FleetCor shareholders clearly believe that shareholders need a greater right to act between annual meetings.
 
Evidence of this is that FleetCor shareholders gave impressive 58% support to a 2021 shareholder proposal for a genuine shareholder right to act by written consent in spite of management resistance.
 
In response to our 58% vote the FleetCor Board is proposing a useless version of a shareholder right to act by written consent.

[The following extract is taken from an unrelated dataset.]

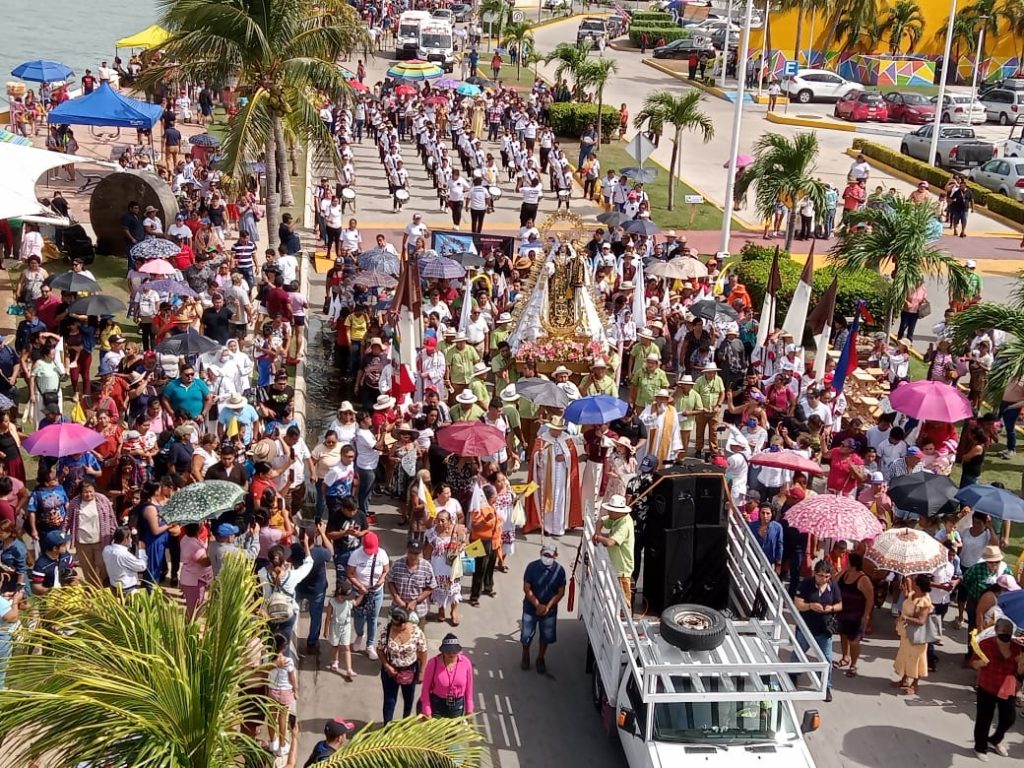 Más de 40 mil personas han visitado a la Virgen del Carmen por las fiestas patronales de Ciudad del Carmen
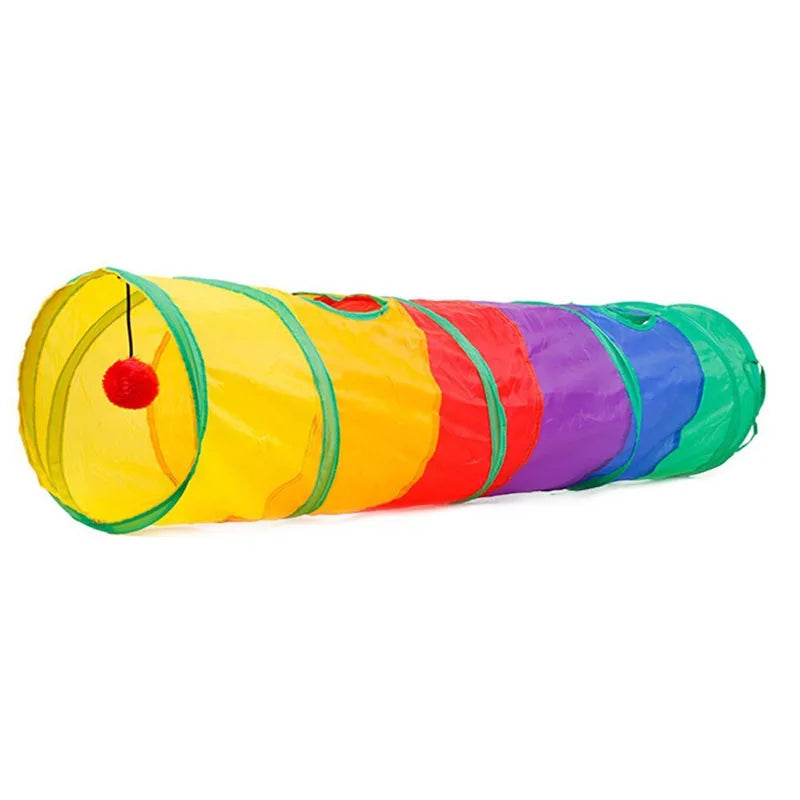 Cats Tunnel Foldable Pet Cat Toys Kitty Pet Training Interactive Fun Toy Tunnel Bored For Puppy Kitten Rabbit Play Tunnel Tube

It is so useless that any group of shareholders in their right mind, who see a need to act between annual shareholder meetings, would completely bypass the so-called right in Proposal 5 to act by written consent and focus their efforts on calling for a special shareholder meeting.
 
The Board’s statement, that tries to explain its promotion of the useless Proposal 5, provides no scenario where shareholders in their right mind would chose to act between annual meetings by using Proposal 5 instead of the existing limited shareholder right to call for a special shareholder meeting.
 
The responsibility for the pending useless Proposal 5 is Ms. Hala Moddelmog, our director from the world of nonprofits, who chairs the governance committee. Shareholders can thus consider whether Ms. Moddelmog deserves a vigorous against vote.
 

   
 


The only thing worse than having no right is to think that you have a right and then discover that it is best to bypass such a right altogether because there is already a more effect avenue in calling for a special shareholder meeting. Proposal 5 simply clutters our bylaws with a right that would never be used.
 
Vote for Proposal 6 and against Proposal 5 and consider a vote against Ms. Hala Moddelmog

 
 

 


Written materials are submitted pursuant to Rule 14a-6(g)(1) promulgated under the Securities Exchange Act of 1934.*

*Submission is not required of this filer under the terms of the Rule, but is made voluntarily in the interest of public disclosure and consideration of these important issues.

This is not a solicitation of authority to vote your proxy.  Please DO NOT send me your proxy card; the shareholder is not able to vote your proxies, nor does this communication contemplate such an event.  

The shareholder asks all shareholders to vote their choices by following the procedural instructions provided in the proxy materials.